La fille était trop terrifiée pour mentir.
L'écrasante présence de sa comparse
envolée, elle avait réussi à ouvrir la bouche.
« Intéressant. Si ce que tu dis est vrai, je
te prends à mon service. Tu seras ma dame de
compagnie. Et mes oreilles. »
Viktoria se leva d'un bond, sans écouter
les balbutiements de Ludivine. Sans un regard
en arrière, elle traversa la pièce pour
rejoindre l'entrée ; elle n'avait que trop traîné
et n'avait aucune envie de s'attarder davantage.

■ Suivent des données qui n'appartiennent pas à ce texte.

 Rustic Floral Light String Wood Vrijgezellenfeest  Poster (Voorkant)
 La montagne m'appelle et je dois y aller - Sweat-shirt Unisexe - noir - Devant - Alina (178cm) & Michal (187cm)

Son envie de s'amuser avec l'un des nombreux
mâles à l'affût avait disparu. Elle s'engagea
dans le couloir, tempête de tulle noir. Diling.
« Vous avez déjà terminé ? Les
babillages de vos deux amies se sont donc
révélés aussi inintéressants ? Les histoires de
complots devraient pourtant vous ravir.
— Mêlez-vous de vos affaires.
— Vous n'attendez pas Fraulein Maria ? »
Pour toute réponse, Viktoria lui arracha
des mains son manteau en s'efforçant de
demeurer impassible. Il n'avait pas franchi le
seuil de la pièce et cependant, grâce à une
quelconque diablerie, connaissait le contenu
de la conversation précédente ainsi que
l’identité des deux femmes – à moins qu'il
n'ait lâché ces mots au hasard, les chances de
mettre dans le mille étaient plutôt élevées,
puisque les complots appartenaient au
quotidien... Cet homme l'impressionnait
autant qu'il la terrifiait, mais lui exposer ses
peurs ne ferait que renforcer l'emprise qu'il
exerçait sur elle. Quant à la grosse Maria,
qu'elle profite donc... Il était fort probable
que ses ennuis ne fassent que débuter.
Un instant plus tard, ils gravissaient les
marches extérieures de l'établissement et
rejoignaient à nouveau la rue noyée dans le
smog. La rigole centrale regorgeait de
détritus ; deux formes sombres ressemblant à
des chiens se disputaient les ordures.
Viktoria plissa le nez sous son masque,
s'évertuant à passer l'angle du coupe-gorge
aussi vite que possible. Il régnait une drôle de
populace dans les bas-quartiers, d'autant plus
une fois la nuit tombée, à l'opposé de
l'opulence de la cour du Kaiser. Si les
nobliaux et la haute bourgeoisie de l'Empire
croulaient sous les richesses, et se pavanaient
dans les longues artères de Germania vêtus
de leurs plus somptueux atours, les âmes en
vadrouille de ces ruelles malfamées
engageaient des duels à mort pour s'octroyer
un os à ronger. Le seul avantage notable à
vivre ici était que les soldats impériaux ne
prenaient jamais la peine d'y descendre –
discrétion assurée à celui qui souhaitait
disparaître quelques temps.
À l'intersection suivante, le lampadaire
avait grillé, ou l'allumeur l'avait oublié au
cours de sa ronde plus tôt dans la soirée.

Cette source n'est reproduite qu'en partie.